▼

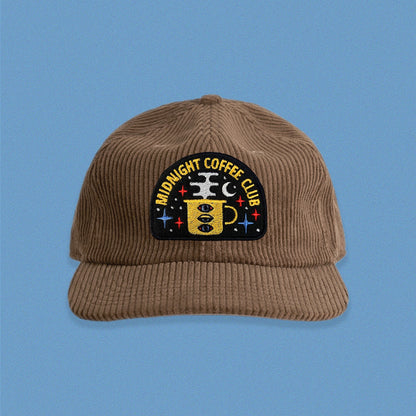 Midnight Coffee Club Corduroy Hat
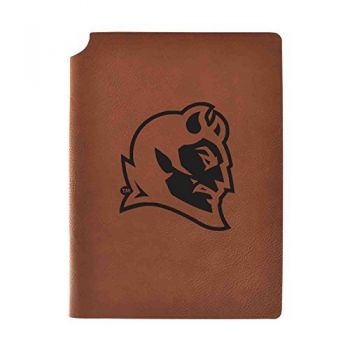 Leather Hardcover Notebook Journal - Central Connecticut Blue Devils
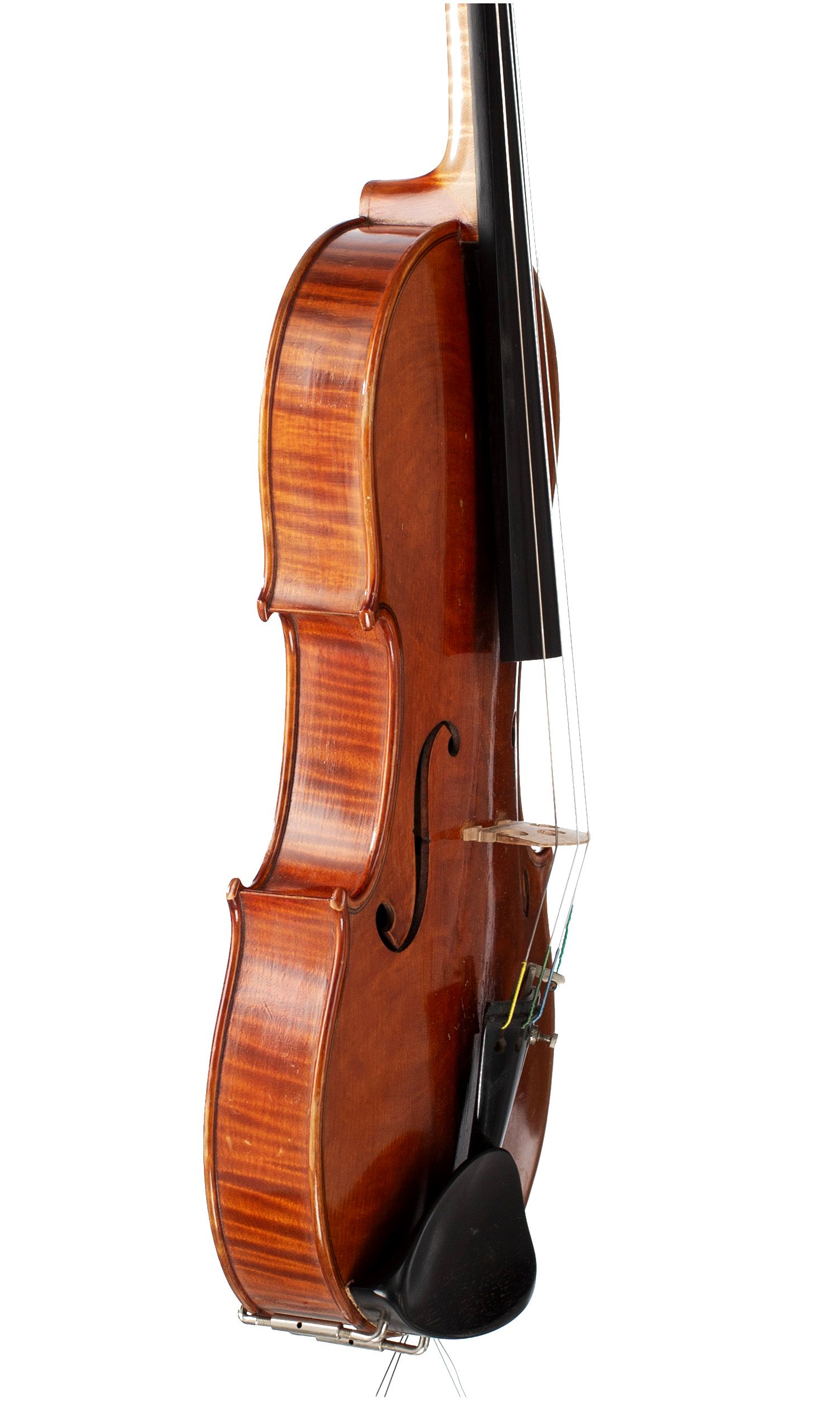 Violin by Anton Ostler, Mittenwald, 1936 — angled view, 70°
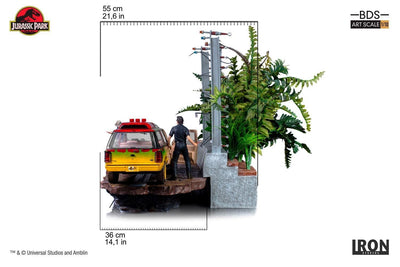 Jurassic Park - T-Rex Attack (Set A + Set B) BDS Art Scale 1/10
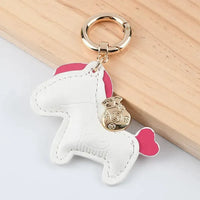 Galloping Charm Horse Keychain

▲

- [Activity]:
For the records above, give every line again exactly and skip the pictures.

- [Completed exercise]:
 Midnight Coffee Club Corduroy Hat
 Leather Hardcover Notebook Journal - Central Connecticut Blue Devils
 Violin by Anton Ostler, Mittenwald, 1936 — angled view, 70°
 Jurassic Park - T-Rex Attack (Set A + Set B) BDS Art Scale 1/10
 Galloping Charm Horse Keychain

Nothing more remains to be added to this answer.